# [Try it]
Among the records that follow, find each line holding the word "design" and copy it.

****************

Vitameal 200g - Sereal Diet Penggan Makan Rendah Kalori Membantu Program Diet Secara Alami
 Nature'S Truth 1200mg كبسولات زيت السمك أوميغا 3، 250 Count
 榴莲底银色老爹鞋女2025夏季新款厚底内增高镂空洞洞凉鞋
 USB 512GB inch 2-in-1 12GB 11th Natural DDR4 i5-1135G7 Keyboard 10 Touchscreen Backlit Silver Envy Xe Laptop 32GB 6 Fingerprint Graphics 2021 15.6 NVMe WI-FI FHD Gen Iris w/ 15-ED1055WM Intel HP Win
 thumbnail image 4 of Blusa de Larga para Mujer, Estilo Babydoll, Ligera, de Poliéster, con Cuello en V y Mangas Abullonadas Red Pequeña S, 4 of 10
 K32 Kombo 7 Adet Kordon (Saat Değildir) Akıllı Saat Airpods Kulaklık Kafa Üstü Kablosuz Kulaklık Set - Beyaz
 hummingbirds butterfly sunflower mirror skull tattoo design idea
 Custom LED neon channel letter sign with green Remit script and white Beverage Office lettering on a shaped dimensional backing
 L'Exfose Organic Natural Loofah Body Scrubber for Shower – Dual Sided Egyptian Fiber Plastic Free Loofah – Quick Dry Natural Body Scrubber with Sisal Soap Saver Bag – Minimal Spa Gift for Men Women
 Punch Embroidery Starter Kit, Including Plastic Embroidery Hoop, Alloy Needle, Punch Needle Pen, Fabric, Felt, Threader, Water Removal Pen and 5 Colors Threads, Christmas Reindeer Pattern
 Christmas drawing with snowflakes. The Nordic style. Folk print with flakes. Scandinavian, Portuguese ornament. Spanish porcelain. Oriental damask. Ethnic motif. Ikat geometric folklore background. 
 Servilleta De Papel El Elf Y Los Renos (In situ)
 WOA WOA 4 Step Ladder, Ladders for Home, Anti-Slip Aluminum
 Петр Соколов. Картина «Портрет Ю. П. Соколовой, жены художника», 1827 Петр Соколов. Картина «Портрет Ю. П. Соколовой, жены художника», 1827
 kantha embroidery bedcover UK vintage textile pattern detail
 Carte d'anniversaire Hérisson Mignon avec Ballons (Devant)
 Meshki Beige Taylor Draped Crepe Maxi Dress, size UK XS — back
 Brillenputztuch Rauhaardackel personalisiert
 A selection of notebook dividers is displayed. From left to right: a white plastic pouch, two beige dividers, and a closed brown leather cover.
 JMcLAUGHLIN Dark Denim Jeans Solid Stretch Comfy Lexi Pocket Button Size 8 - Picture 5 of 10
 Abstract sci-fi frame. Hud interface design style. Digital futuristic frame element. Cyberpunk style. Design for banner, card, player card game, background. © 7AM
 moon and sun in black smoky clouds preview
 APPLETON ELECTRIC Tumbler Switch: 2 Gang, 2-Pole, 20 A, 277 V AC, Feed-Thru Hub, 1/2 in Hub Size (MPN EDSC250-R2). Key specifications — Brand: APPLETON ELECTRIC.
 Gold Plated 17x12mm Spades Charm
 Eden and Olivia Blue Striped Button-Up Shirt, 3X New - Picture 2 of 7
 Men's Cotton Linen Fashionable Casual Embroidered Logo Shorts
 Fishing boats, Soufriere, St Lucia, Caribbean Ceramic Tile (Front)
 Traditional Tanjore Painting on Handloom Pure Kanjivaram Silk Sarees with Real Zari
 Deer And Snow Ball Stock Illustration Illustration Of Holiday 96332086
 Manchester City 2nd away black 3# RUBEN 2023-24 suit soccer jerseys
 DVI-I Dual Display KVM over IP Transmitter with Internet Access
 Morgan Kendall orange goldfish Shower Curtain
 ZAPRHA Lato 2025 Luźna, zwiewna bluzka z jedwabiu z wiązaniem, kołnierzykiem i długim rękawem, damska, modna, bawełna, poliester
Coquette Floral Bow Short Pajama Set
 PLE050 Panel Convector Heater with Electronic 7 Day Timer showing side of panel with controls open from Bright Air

****************

# [Result]
 hummingbirds butterfly sunflower mirror skull tattoo design idea
 Abstract sci-fi frame. Hud interface design style. Digital futuristic frame element. Cyberpunk style. Design for banner, card, player card game, background. © 7AM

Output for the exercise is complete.